Material for this task:
********

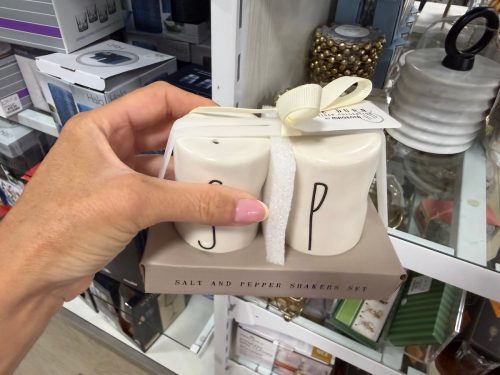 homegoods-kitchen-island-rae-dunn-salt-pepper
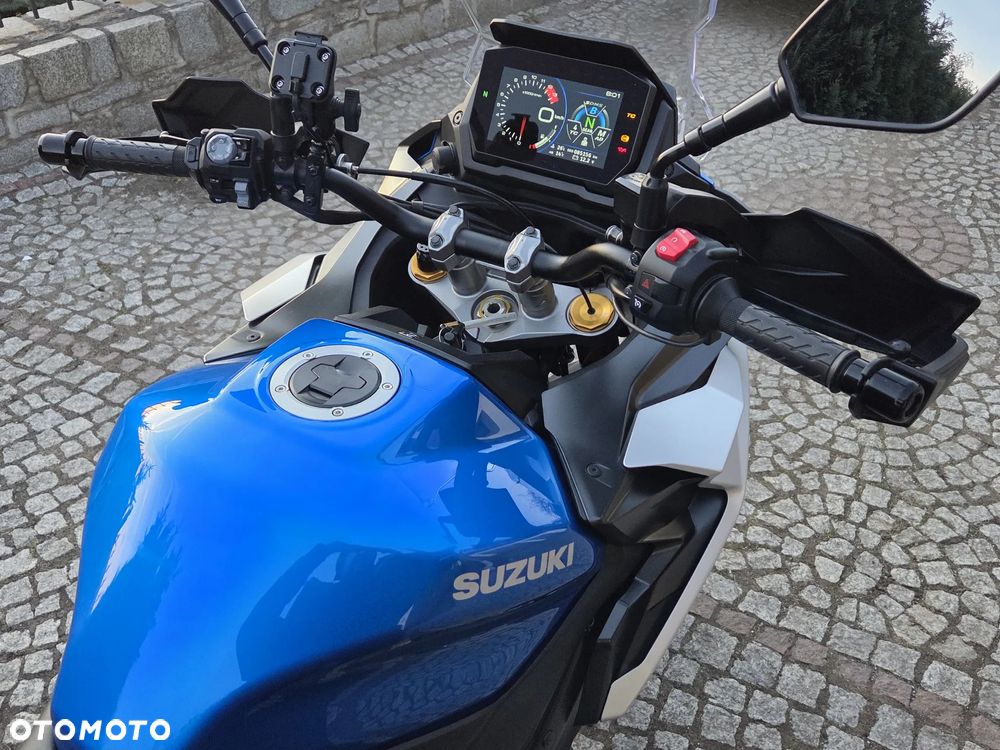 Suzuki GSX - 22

********

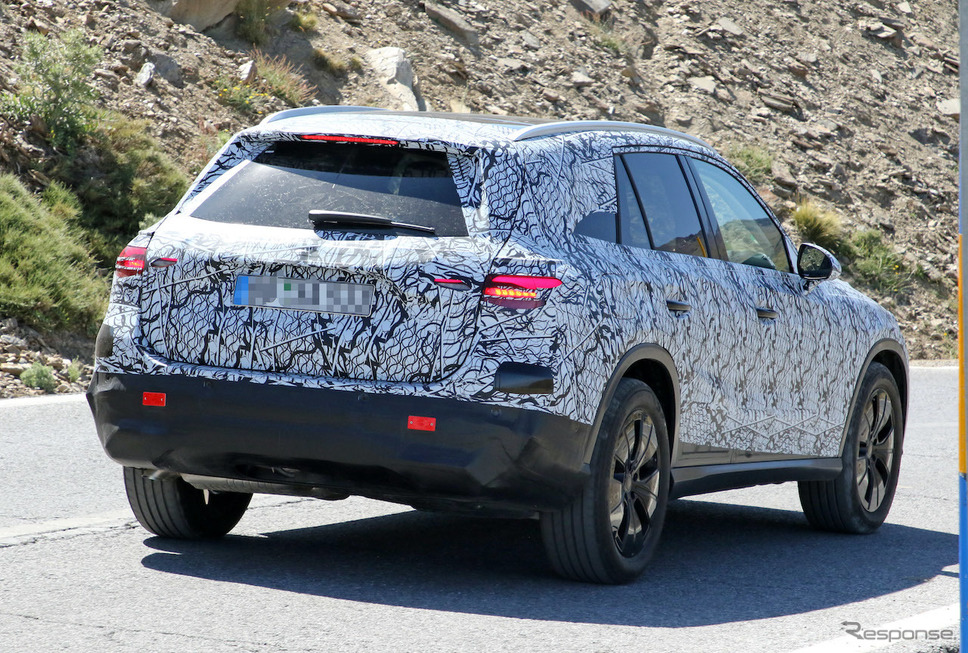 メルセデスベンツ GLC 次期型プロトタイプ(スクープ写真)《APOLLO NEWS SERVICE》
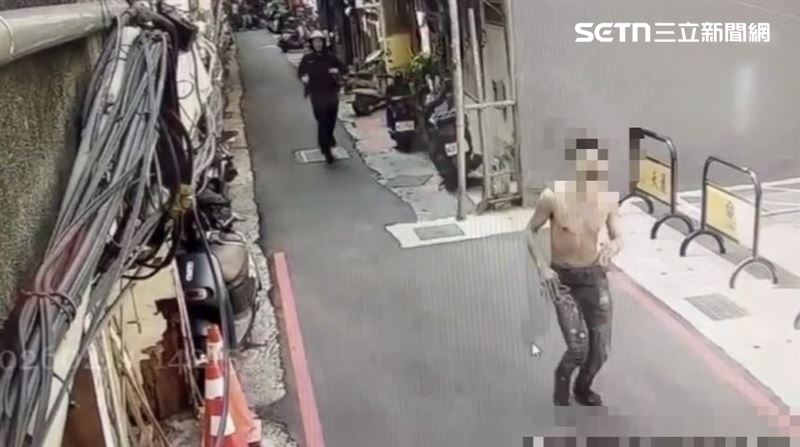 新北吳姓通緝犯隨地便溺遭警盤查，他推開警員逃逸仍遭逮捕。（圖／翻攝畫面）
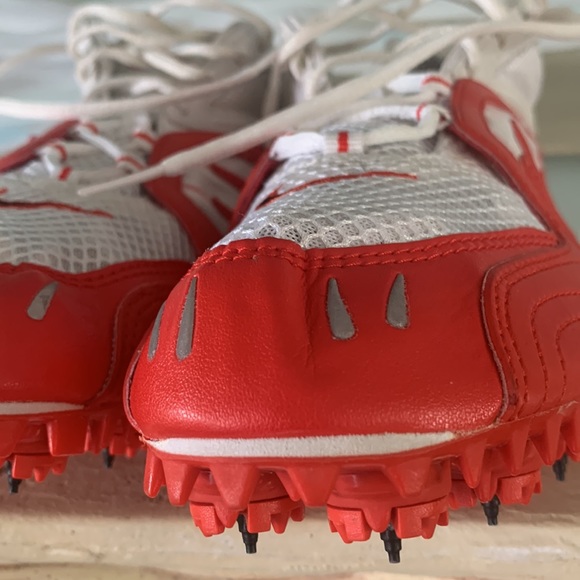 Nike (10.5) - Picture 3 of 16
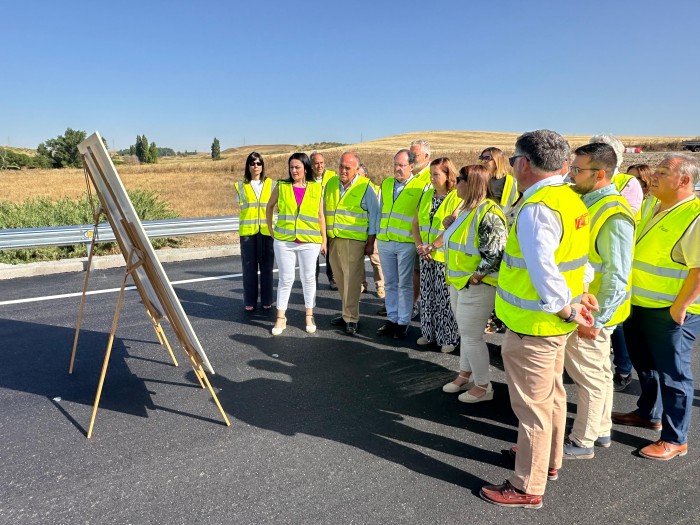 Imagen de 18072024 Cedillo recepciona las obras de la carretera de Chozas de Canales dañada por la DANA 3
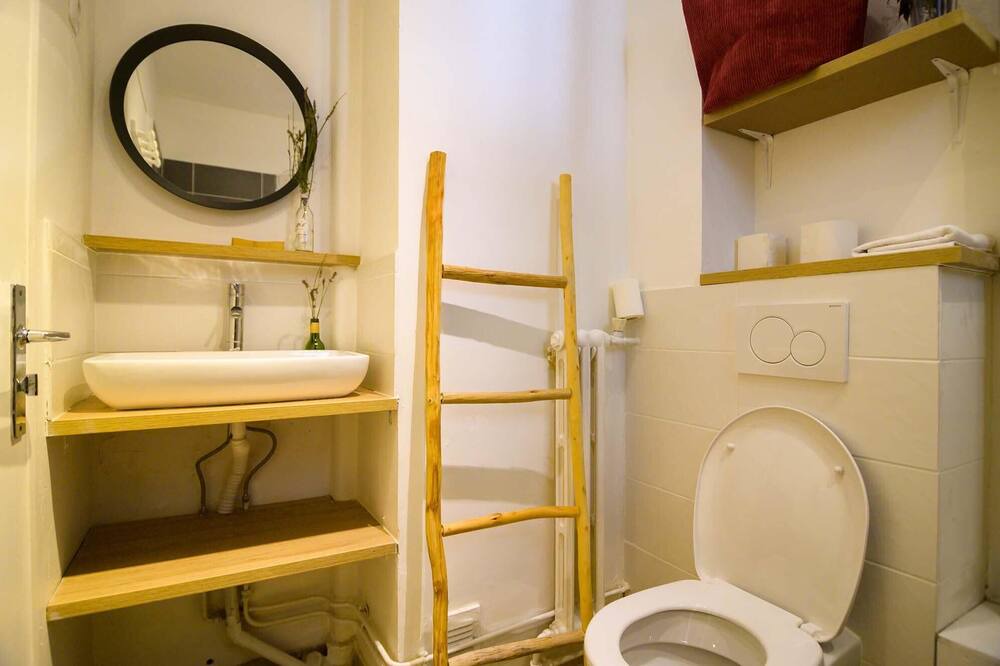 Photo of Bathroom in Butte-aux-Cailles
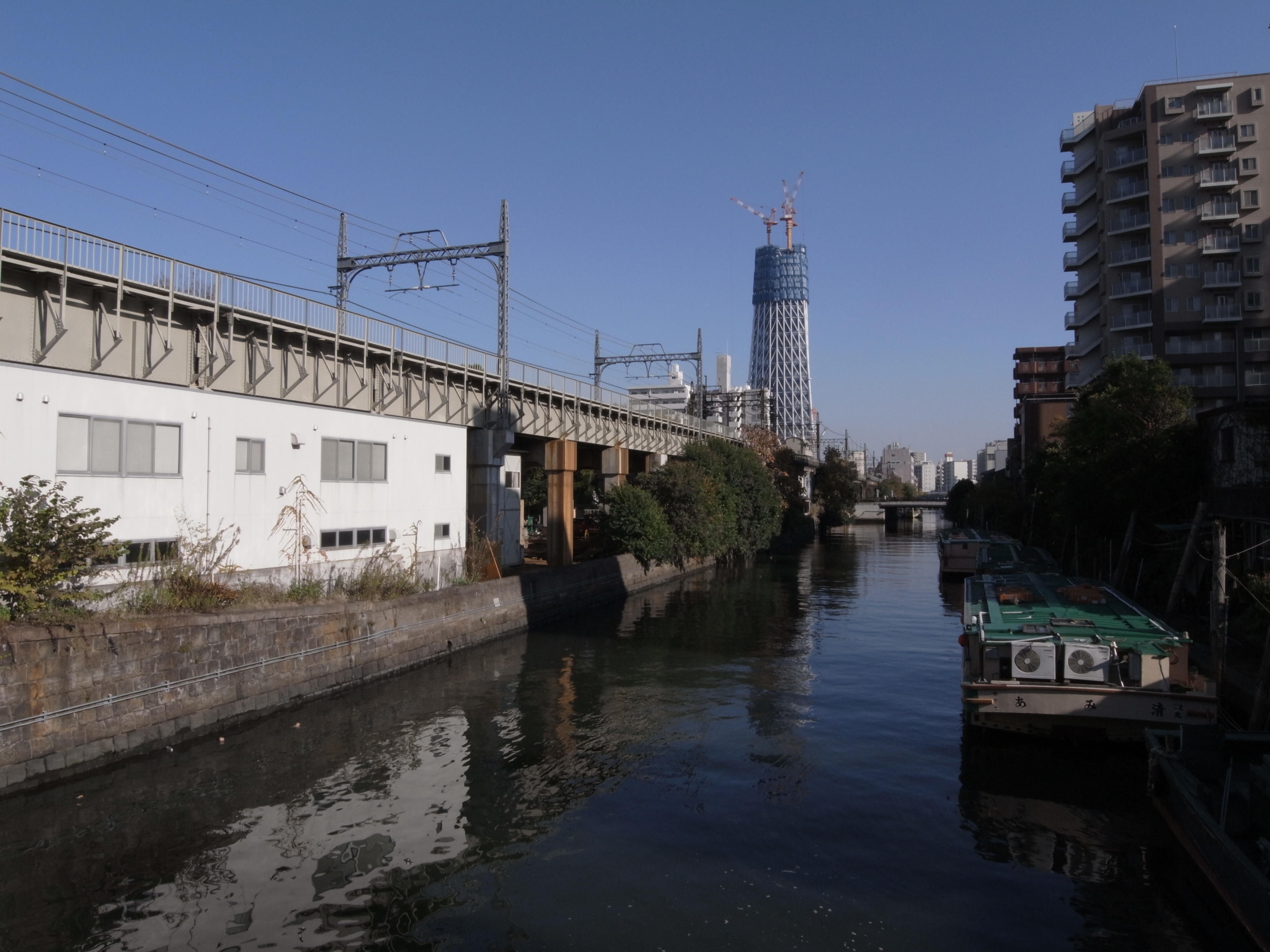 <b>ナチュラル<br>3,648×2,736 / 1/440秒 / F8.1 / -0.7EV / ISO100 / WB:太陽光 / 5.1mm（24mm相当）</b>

********

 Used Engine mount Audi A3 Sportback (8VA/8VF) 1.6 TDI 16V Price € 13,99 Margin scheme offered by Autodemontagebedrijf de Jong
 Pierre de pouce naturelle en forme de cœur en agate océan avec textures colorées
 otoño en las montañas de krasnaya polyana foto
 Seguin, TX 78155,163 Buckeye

********

Work to complete: Reprint exactly the lines above that start at the one with "Used Engine mount" and end at the one with "Seguin, TX 78155,163 Buckeye", keeping both and adding none.

Answer box:
 Used Engine mount Audi A3 Sportback (8VA/8VF) 1.6 TDI 16V Price € 13,99 Margin scheme offered by Autodemontagebedrijf de Jong
 Pierre de pouce naturelle en forme de cœur en agate océan avec textures colorées
 otoño en las montañas de krasnaya polyana foto
 Seguin, TX 78155,163 Buckeye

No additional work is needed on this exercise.